→ **Information supplied**:
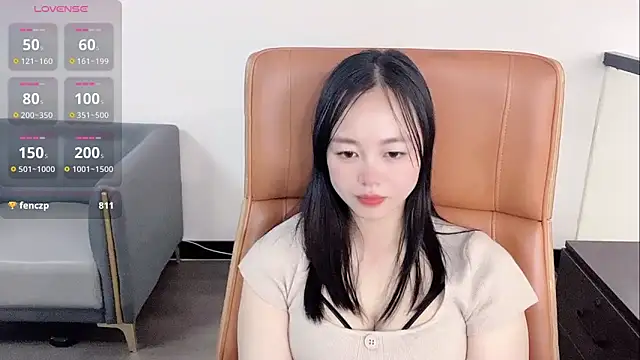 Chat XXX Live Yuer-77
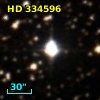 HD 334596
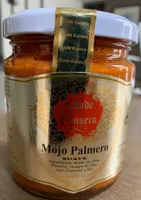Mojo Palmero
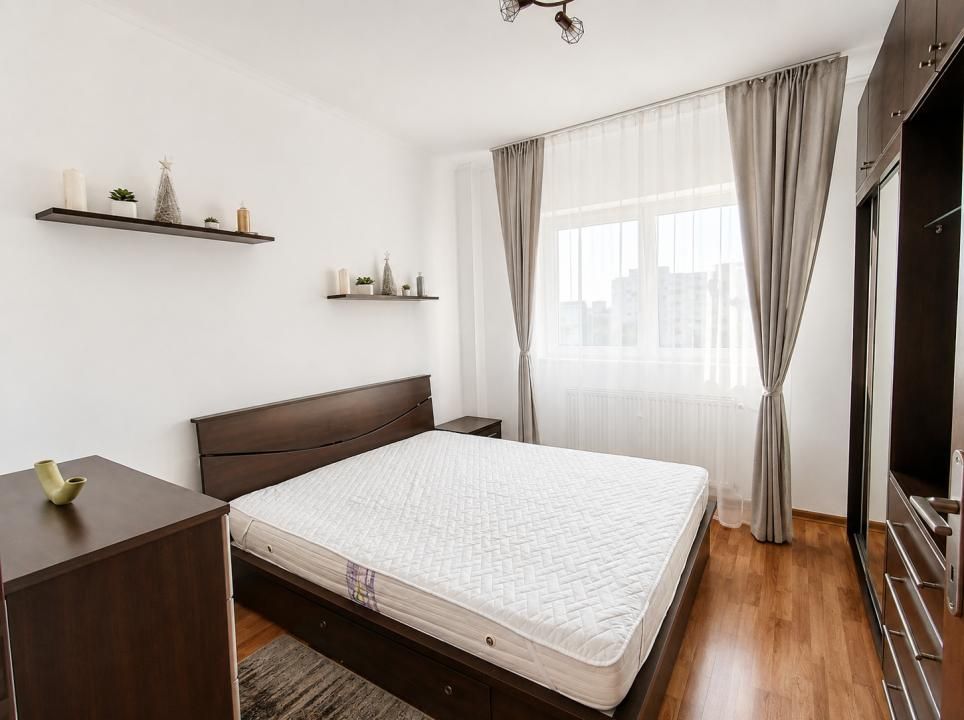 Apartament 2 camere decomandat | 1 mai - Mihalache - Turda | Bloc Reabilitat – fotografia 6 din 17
==
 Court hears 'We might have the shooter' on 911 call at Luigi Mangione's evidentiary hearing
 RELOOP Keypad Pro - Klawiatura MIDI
--
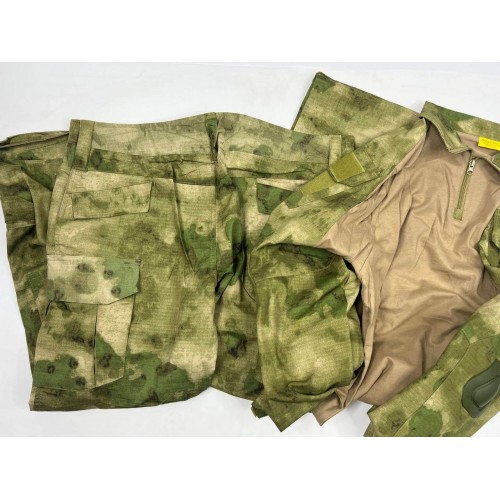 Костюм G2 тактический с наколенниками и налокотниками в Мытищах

→ **Work task**: Print the part of the listing above that opens with the line containing "Chat XXX Live Yuer-77" and closes with the line containing "Apartament 2 camere". Copy it exactly, both ends included, and omit the pictures.

→ **Output of the task**:
 Chat XXX Live Yuer-77
 HD 334596
Mojo Palmero
 Apartament 2 camere decomandat | 1 mai - Mihalache - Turda | Bloc Reabilitat – fotografia 6 din 17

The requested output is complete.